With 30 points apiece Brisbane Roar held top spot on goal difference over Central Coast, followed by Sydney FC on 27. It seemed fourth-placed Newcastle Jets were too far behind on 25 points.

However it was the Jets who almost stole the show, winning their remaining three matches while Brisbane hit a brick wall, only managing one point from a possible nine.

In the end however the also-spluttering Mariners finished on top albeit with a mere one-goal difference margin over Newcastle, both teams ending with 34 points.

When the National Soccer League kicked off in 1977, the promoters could not have wished for a more exciting ending to the first season of the fledgling 14-team national competition.

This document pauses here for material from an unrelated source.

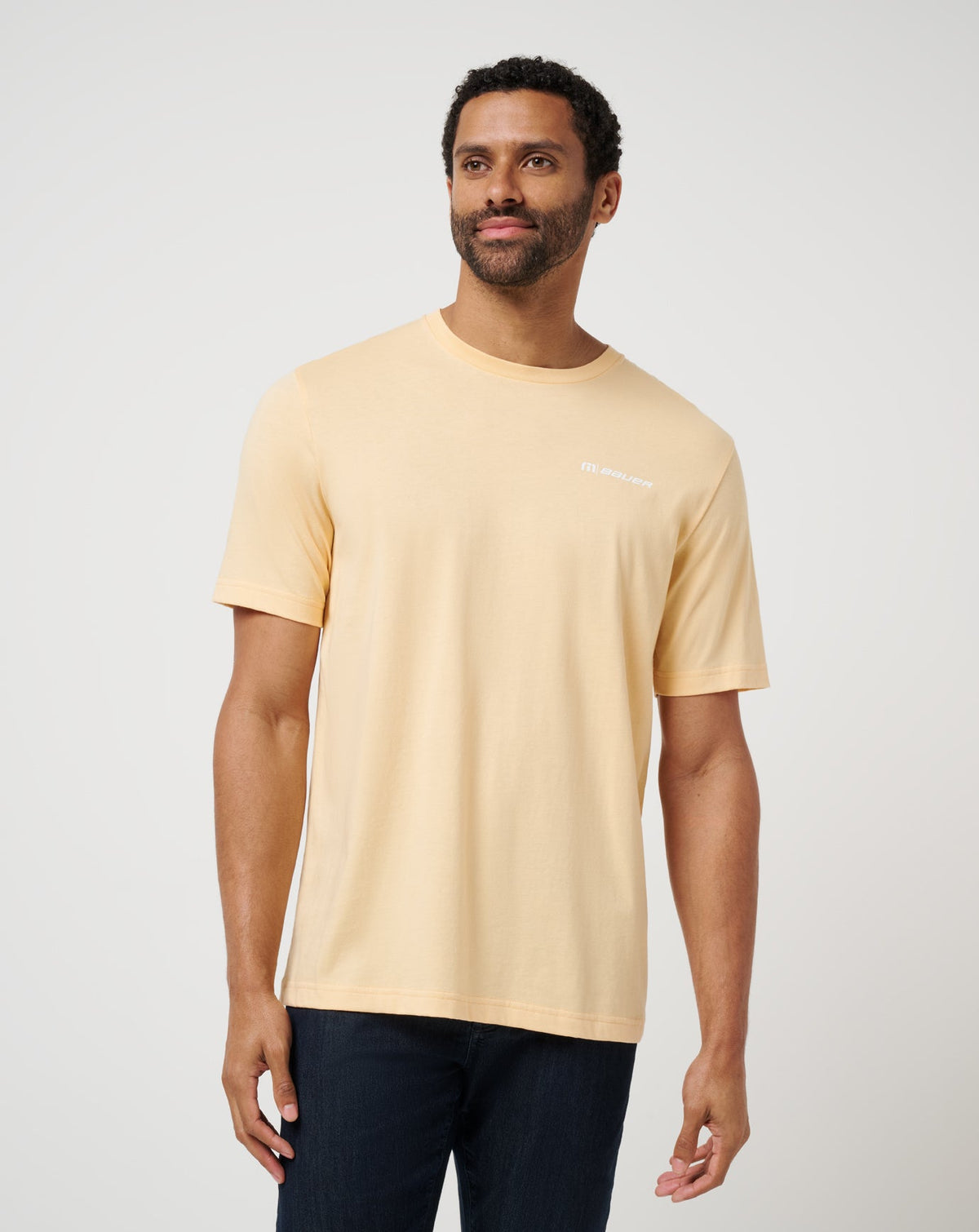 Empty Net Tee Apricot | Travis Mathew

With three rounds remaining Sydney City held a one-point advantage at the top of the ladder over fellow Sydney club Marconi.

In those days whoever finished top of the NSL ladder were declared Champions – a bold move for the new league trying to establish itself in a finals-familiar Australian sporting landscape.

In the final round Sydney City could only manage a nil-all draw with rivals Sydney Olympic. This meant Marconi had to win their last match at lowly Footscray to finish level on points at the top.

A five-goal victory would secure Marconi the 1977 title on goal difference, a four-goal margin would lock Marconi and Sydney City on goal difference and require a play-off, while any lower winning margin would put Sydney City on top.

With 20 minutes remaining in Marconi’s match in Melbourne the score was 4-0 to the Sydneysiders, and an impossible dream seemed close to reality – until Footscray scored three in the final eight minutes to sink their opponents’ hearts and hand the inaugural NSL title to Sydney City.    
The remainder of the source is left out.